Closed crangelsmith closed 4 years ago
@ld-archer Thanks again for uploading the new OD matrices. Some of the files seem to be corrupted (?), see the errors below:
❯ unzip OD_prob_matrices.zip ─╯
Archive: OD_prob_matrices.zip
inflating: F_0to4_prob_matrix_EW.csv bad CRC a4b9cb8e (should be 963bec50)
inflating: F_16to19_prob_matrix_EW.csv
inflating: F_20to24_prob_matrix_EW.csv
inflating: F_25to34_prob_matrix_EW.csv
inflating: F_35to49_prob_matrix_EW.csv
inflating: F_50to64_prob_matrix_EW.csv
inflating: F_5to15_prob_matrix_EW.csv
inflating: F_65to64_prob_matrix_EW.csv
inflating: F_75plus_prob_matrix_EW.csv
inflating: M_0to4_prob_matrix_EW.csv
error: invalid compressed data to inflate
inflating: M_16to19_prob_matrix_EW.csv
inflating: M_20to24_prob_matrix_EW.csv
inflating: M_25to34_prob_matrix_EW.csv
inflating: M_35to49_prob_matrix_EW.csv
inflating: M_50to64_prob_matrix_EW.csv
inflating: M_5to15_prob_matrix_EW.csv
inflating: M_65to64_prob_matrix_EW.csv
error: invalid compressed data to inflate
inflating: M_75plus_prob_matrix_EW.csv
By simply saving the new OD matrices in sparse representation, we can reduce the size by a factor of 3, but it is still considerably larger than the previous OD matrices.
# new OD matrix, CSV format
1.0G F_16to19_prob_matrix_EW.csv
# new OD matrix, NPZ format
381M F_16to19_prob_matrix_EW.npz
# old OD matrix, NPZ format
312K F_16to19_OD_matrix_EW.npz
@crangelsmith @ld-archer Here is the code to make OD matrices sparse:
# Make OD matrices sparse
import glob
import numpy as np
import os
import pandas as pd
from scipy.sparse import coo_matrix
import scipy
# ---- INPUTS --------------
# read in a weight matrix
# If you have a list of csv files, use wildcards, e.g.:
# "../persistant_data/od_matrices/*.csv"
path2csv = "../persistant_data/od_matrices/*.csv"
# threshold
# all values less than row_max / row_threshold will be set to zero
row_threshold = 10.
# --------------------------
list_of_files = glob.glob(path2csv)
for i, fi_rel in enumerate(list_of_files):
fi = os.path.abspath(fi_rel)
print(f"Processing: {fi}")
od_weights = pd.read_csv(fi).values
od_val_w = od_weights[:, 1:]
od_val_w = od_val_w.astype(np.float)
# weights ---> probability distributions for each row
od_val_w = od_val_w/np.sum(od_val_w, axis=1)[:, None]
for j in range(od_val_w.shape[0]):
row_threshold_adjust = np.max(od_val_w[j, :]) / row_threshold
od_val_w[j, od_val_w[j, :] < row_threshold_adjust] = 0
od_val_sparse = coo_matrix(od_val_w)
scipy.sparse.save_npz(os.path.basename(fi).split(".csv")[0] + ".npz", od_val_sparse)
If you prefer to have it as a function in daedalus, I can do it later today.
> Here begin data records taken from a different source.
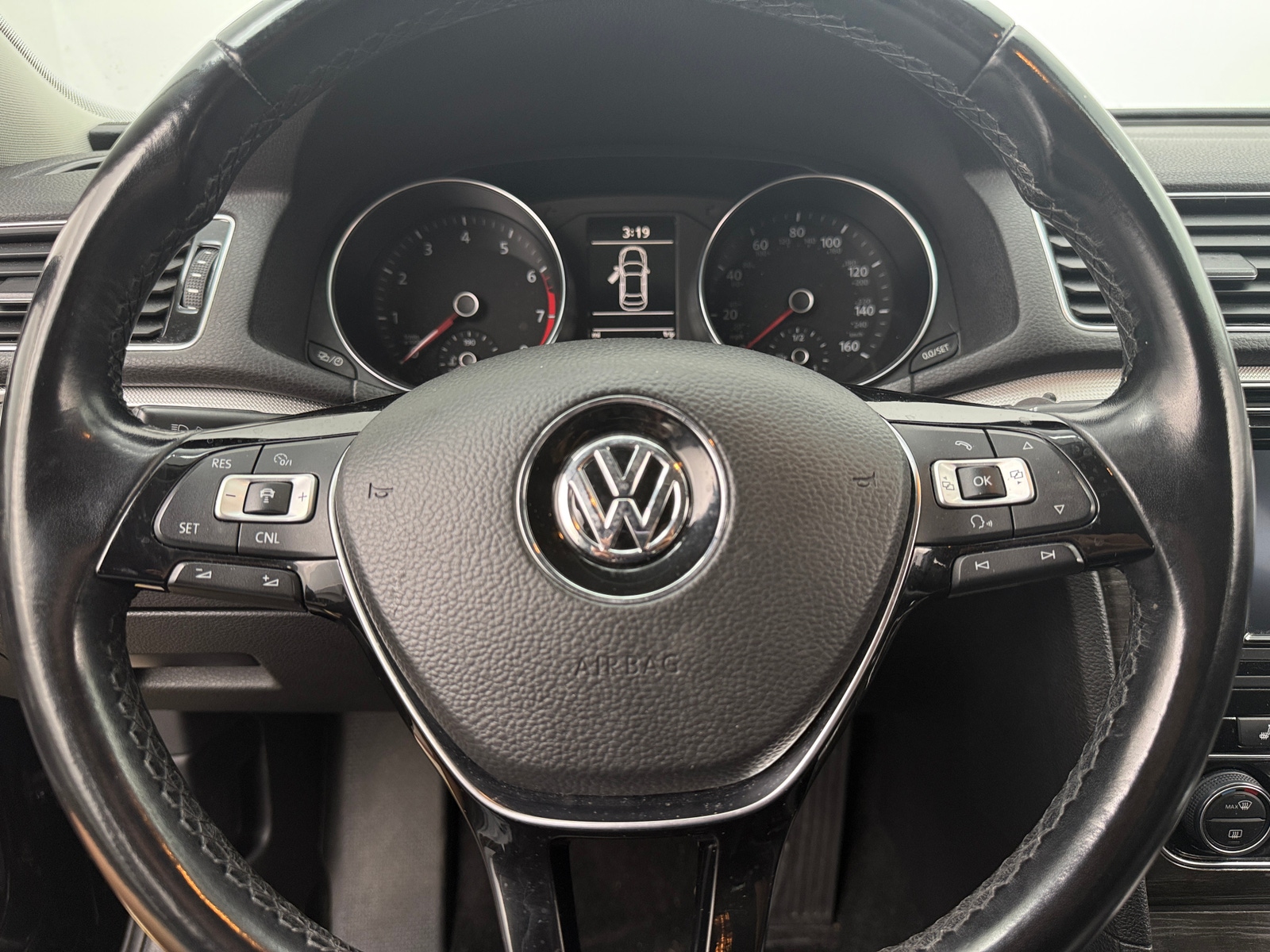 Thumbnail: 2016 Volkswagen Passat - 5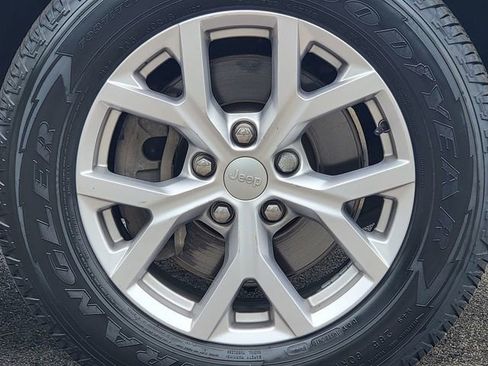 Certified 2022 Jeep Grand Cherokee L Limited AWD/4WD image 17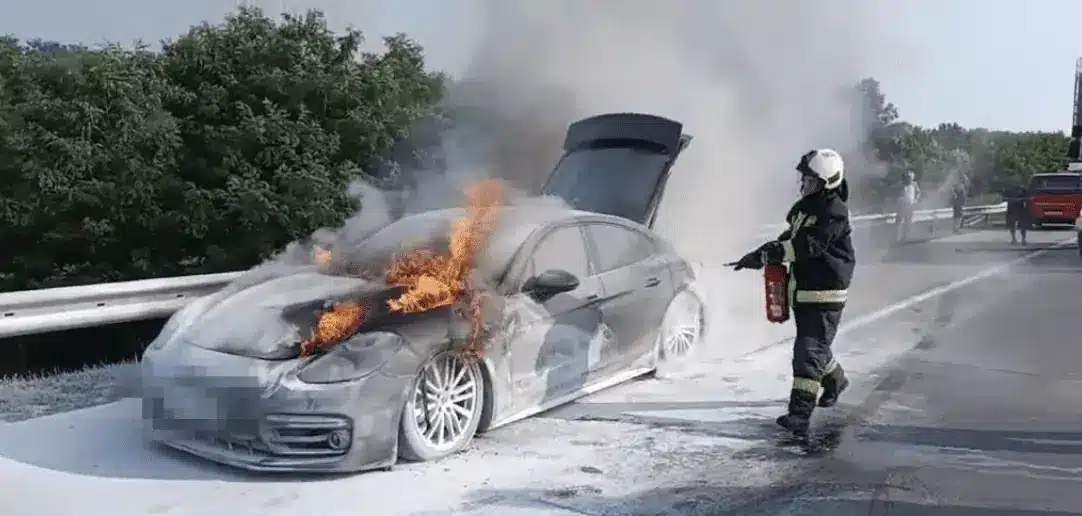 Porsche m0 tűzoltó videó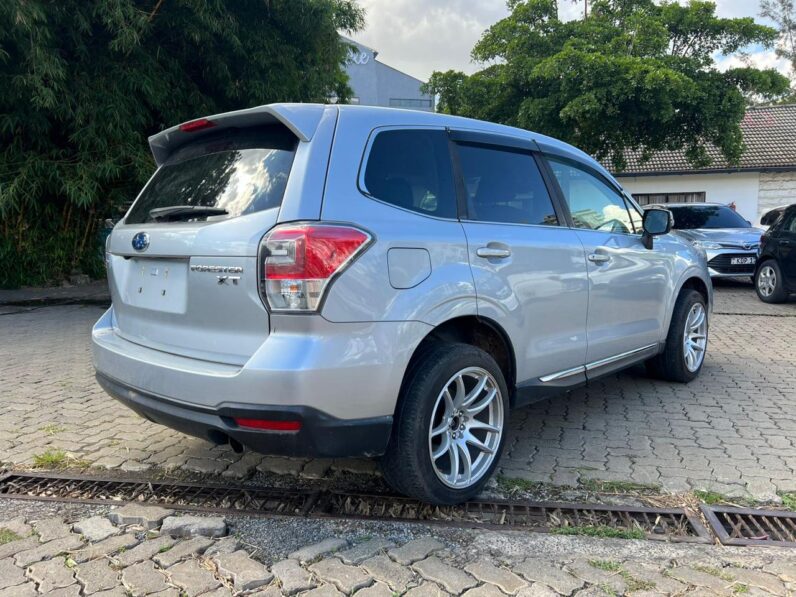 
								Subaru Forester XT full									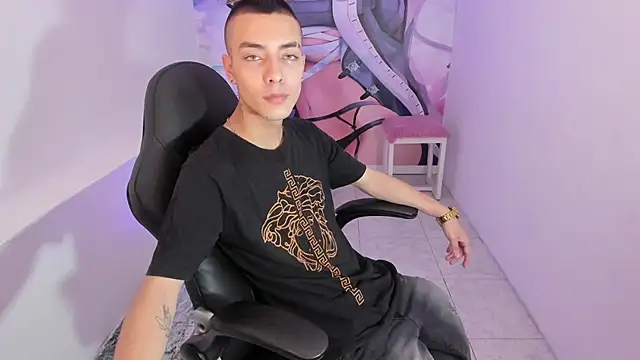 Dereck Boy8 online show from November 2025 07:51:02 PM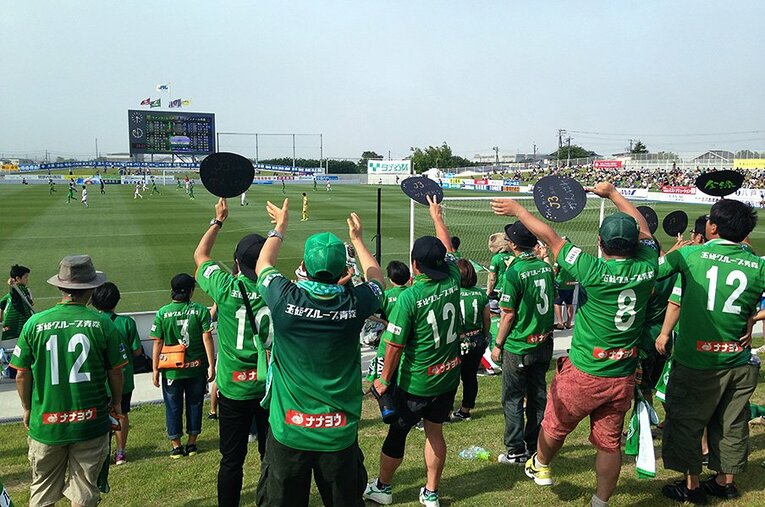 青森ダービーでの一風景。Jリーグ空白県でもサッカーは着実に根付いている。 ／ photograph by Yasuo Kawabata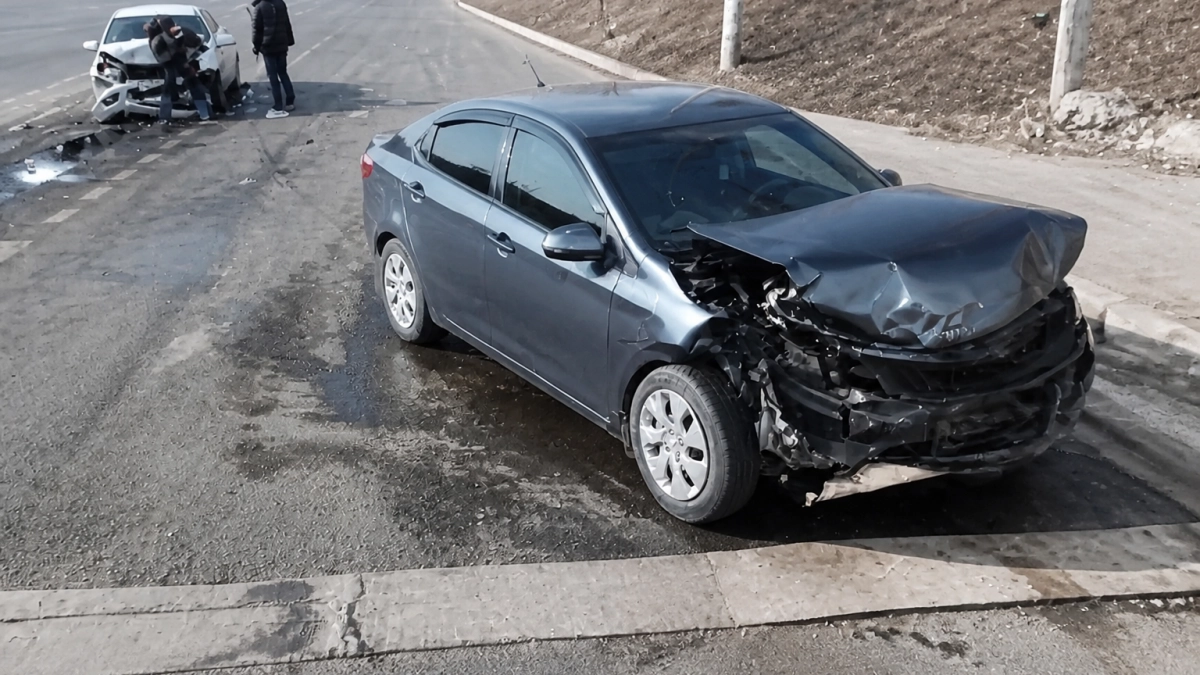 На Стрелке после столкновения Лады и Kia в больницу увезли обоих водителей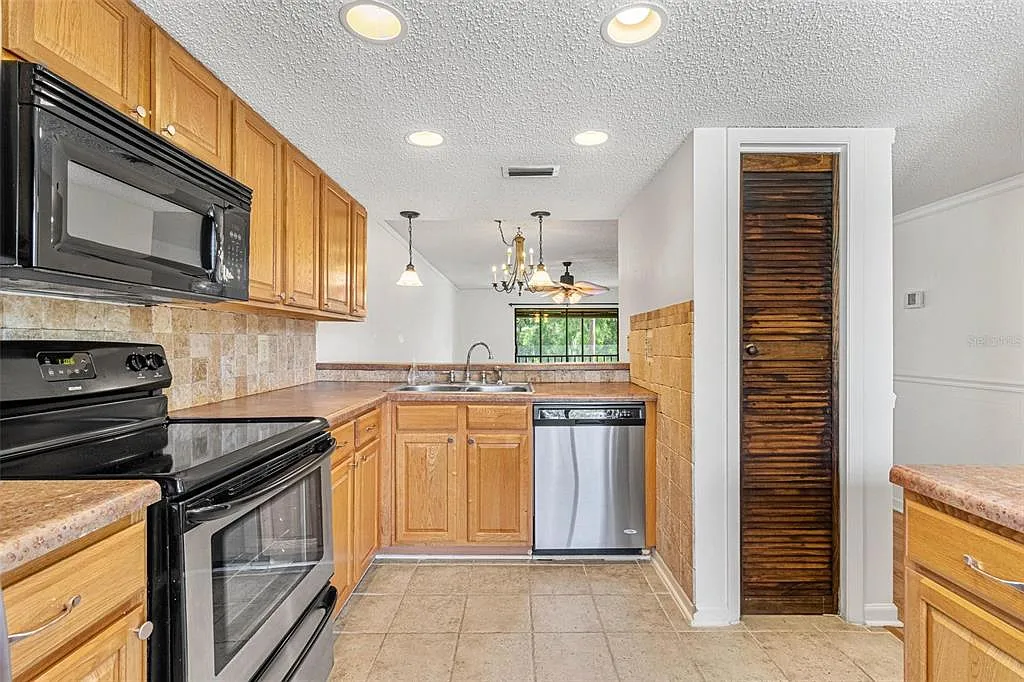 2 bed, 2.0 bath, 1151 sqft, $1,800 — Photo 4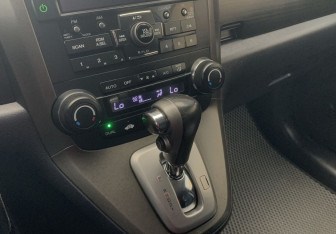 Подержанный автомобиль Honda CR-V 2011 года (12 фото)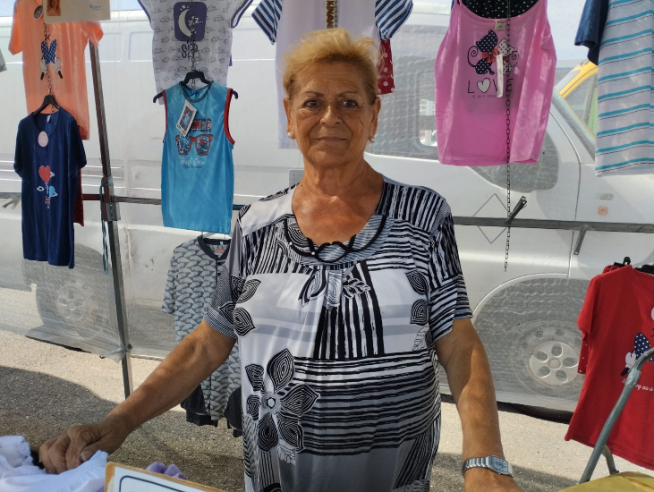 Esther Jiménez, portavoz de la Junta del Mercado de la Expo Sur, en su puesto del mercado ambulante.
Please let me know if I should clarify anything.
Thanks for that @kasra-hosseini, I have made the original probability matrices sparse with your code and uploaded them to the sharepoint: https://thealanturininstitute.sharepoint.com/:u:/r/sites/SPENSER/Shared%20Documents/sparse_OD_prob_matrcies.zip?csf=1&web=1&e=Dg4jo2
It reduced from 7GB to around 25MB!
Great! I will move that piece of code to daedalus then.
@ld-archer we changed the names of these files:
M_65to64_prob_matrix_EW.npz
F_65to64_prob_matrix_EW.npz
to:
M_65to74_prob_matrix_EW.npz
F_65to74_prob_matrix_EW.npz
We were wondering if this typo (64 instead of 74) was introduced by the above code or it is a typo in the IPF code?
The above code is now moved to: https://github.com/BenjaminIsaac0111/daedalus/blob/feature/refactoring_pipeline/daedalus/utils.py#L279
Blocked. Waiting for the new matrices.